Record extracts:
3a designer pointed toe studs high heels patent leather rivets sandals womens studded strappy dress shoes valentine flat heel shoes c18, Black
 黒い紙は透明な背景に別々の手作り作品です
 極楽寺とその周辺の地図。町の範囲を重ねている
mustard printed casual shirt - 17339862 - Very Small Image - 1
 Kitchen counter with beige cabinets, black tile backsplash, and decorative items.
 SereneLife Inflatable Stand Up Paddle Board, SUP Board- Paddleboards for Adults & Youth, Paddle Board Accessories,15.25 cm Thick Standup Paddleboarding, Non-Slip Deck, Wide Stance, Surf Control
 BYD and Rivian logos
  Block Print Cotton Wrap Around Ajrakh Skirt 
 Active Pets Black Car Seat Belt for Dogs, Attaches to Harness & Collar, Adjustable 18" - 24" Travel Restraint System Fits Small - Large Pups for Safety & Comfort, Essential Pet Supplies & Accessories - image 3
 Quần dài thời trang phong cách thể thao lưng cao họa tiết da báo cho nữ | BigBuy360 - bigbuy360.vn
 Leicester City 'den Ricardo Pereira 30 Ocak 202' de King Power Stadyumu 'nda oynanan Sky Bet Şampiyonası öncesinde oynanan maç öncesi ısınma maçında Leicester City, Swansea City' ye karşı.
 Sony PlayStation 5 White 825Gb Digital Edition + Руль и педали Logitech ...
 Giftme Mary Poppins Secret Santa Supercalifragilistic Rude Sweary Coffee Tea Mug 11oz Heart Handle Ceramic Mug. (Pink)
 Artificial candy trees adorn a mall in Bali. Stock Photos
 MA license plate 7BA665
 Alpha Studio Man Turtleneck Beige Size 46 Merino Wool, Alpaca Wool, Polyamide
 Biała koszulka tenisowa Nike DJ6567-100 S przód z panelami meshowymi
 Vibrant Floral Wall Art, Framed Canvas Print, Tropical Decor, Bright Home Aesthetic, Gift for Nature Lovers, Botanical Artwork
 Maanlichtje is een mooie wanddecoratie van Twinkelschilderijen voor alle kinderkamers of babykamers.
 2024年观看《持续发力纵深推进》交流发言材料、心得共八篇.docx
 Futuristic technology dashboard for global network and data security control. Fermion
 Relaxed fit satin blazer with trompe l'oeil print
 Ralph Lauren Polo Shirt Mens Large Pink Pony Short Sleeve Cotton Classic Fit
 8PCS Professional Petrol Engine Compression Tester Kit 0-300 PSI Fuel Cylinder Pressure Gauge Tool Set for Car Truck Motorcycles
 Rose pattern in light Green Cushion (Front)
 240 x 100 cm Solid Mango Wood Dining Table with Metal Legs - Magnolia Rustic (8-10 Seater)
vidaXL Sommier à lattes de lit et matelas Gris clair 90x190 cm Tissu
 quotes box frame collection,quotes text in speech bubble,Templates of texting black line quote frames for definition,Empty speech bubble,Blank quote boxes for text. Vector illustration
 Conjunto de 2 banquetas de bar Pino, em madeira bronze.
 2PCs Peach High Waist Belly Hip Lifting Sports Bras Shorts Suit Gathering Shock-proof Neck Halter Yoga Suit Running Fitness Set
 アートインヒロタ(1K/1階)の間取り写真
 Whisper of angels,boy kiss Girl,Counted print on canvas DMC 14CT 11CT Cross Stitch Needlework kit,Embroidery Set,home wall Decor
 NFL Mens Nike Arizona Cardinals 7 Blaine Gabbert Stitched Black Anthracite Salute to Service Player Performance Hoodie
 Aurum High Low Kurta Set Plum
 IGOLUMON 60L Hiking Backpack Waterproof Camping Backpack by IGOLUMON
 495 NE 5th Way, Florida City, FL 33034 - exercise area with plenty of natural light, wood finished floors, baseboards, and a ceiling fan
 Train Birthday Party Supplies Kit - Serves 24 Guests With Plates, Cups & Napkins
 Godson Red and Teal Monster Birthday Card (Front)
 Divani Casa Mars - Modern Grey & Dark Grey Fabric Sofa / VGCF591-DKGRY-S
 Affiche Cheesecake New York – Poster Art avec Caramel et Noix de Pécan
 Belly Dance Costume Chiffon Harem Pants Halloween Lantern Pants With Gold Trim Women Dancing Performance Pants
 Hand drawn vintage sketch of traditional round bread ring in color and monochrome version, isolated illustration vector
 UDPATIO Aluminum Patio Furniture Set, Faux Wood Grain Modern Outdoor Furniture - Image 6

Work to complete: When you retype the entries above, keep every line identical to the source.

Result:
3a designer pointed toe studs high heels patent leather rivets sandals womens studded strappy dress shoes valentine flat heel shoes c18, Black
 黒い紙は透明な背景に別々の手作り作品です
 極楽寺とその周辺の地図。町の範囲を重ねている
mustard printed casual shirt - 17339862 - Very Small Image - 1
 Kitchen counter with beige cabinets, black tile backsplash, and decorative items.
 SereneLife Inflatable Stand Up Paddle Board, SUP Board- Paddleboards for Adults & Youth, Paddle Board Accessories,15.25 cm Thick Standup Paddleboarding, Non-Slip Deck, Wide Stance, Surf Control
 BYD and Rivian logos
  Block Print Cotton Wrap Around Ajrakh Skirt 
 Active Pets Black Car Seat Belt for Dogs, Attaches to Harness & Collar, Adjustable 18" - 24" Travel Restraint System Fits Small - Large Pups for Safety & Comfort, Essential Pet Supplies & Accessories - image 3
 Quần dài thời trang phong cách thể thao lưng cao họa tiết da báo cho nữ | BigBuy360 - bigbuy360.vn
 Leicester City 'den Ricardo Pereira 30 Ocak 202' de King Power Stadyumu 'nda oynanan Sky Bet Şampiyonası öncesinde oynanan maç öncesi ısınma maçında Leicester City, Swansea City' ye karşı.
 Sony PlayStation 5 White 825Gb Digital Edition + Руль и педали Logitech ...
 Giftme Mary Poppins Secret Santa Supercalifragilistic Rude Sweary Coffee Tea Mug 11oz Heart Handle Ceramic Mug. (Pink)
 Artificial candy trees adorn a mall in Bali. Stock Photos
 MA license plate 7BA665
 Alpha Studio Man Turtleneck Beige Size 46 Merino Wool, Alpaca Wool, Polyamide
 Biała koszulka tenisowa Nike DJ6567-100 S przód z panelami meshowymi
 Vibrant Floral Wall Art, Framed Canvas Print, Tropical Decor, Bright Home Aesthetic, Gift for Nature Lovers, Botanical Artwork
 Maanlichtje is een mooie wanddecoratie van Twinkelschilderijen voor alle kinderkamers of babykamers.
 2024年观看《持续发力纵深推进》交流发言材料、心得共八篇.docx
 Futuristic technology dashboard for global network and data security control. Fermion
 Relaxed fit satin blazer with trompe l'oeil print
 Ralph Lauren Polo Shirt Mens Large Pink Pony Short Sleeve Cotton Classic Fit
 8PCS Professional Petrol Engine Compression Tester Kit 0-300 PSI Fuel Cylinder Pressure Gauge Tool Set for Car Truck Motorcycles
 Rose pattern in light Green Cushion (Front)
 240 x 100 cm Solid Mango Wood Dining Table with Metal Legs - Magnolia Rustic (8-10 Seater)
vidaXL Sommier à lattes de lit et matelas Gris clair 90x190 cm Tissu
 quotes box frame collection,quotes text in speech bubble,Templates of texting black line quote frames for definition,Empty speech bubble,Blank quote boxes for text. Vector illustration
 Conjunto de 2 banquetas de bar Pino, em madeira bronze.
 2PCs Peach High Waist Belly Hip Lifting Sports Bras Shorts Suit Gathering Shock-proof Neck Halter Yoga Suit Running Fitness Set
 アートインヒロタ(1K/1階)の間取り写真
 Whisper of angels,boy kiss Girl,Counted print on canvas DMC 14CT 11CT Cross Stitch Needlework kit,Embroidery Set,home wall Decor
 NFL Mens Nike Arizona Cardinals 7 Blaine Gabbert Stitched Black Anthracite Salute to Service Player Performance Hoodie
 Aurum High Low Kurta Set Plum
 IGOLUMON 60L Hiking Backpack Waterproof Camping Backpack by IGOLUMON
 495 NE 5th Way, Florida City, FL 33034 - exercise area with plenty of natural light, wood finished floors, baseboards, and a ceiling fan
 Train Birthday Party Supplies Kit - Serves 24 Guests With Plates, Cups & Napkins
 Godson Red and Teal Monster Birthday Card (Front)
 Divani Casa Mars - Modern Grey & Dark Grey Fabric Sofa / VGCF591-DKGRY-S
 Affiche Cheesecake New York – Poster Art avec Caramel et Noix de Pécan
 Belly Dance Costume Chiffon Harem Pants Halloween Lantern Pants With Gold Trim Women Dancing Performance Pants
 Hand drawn vintage sketch of traditional round bread ring in color and monochrome version, isolated illustration vector
 UDPATIO Aluminum Patio Furniture Set, Faux Wood Grain Modern Outdoor Furniture - Image 6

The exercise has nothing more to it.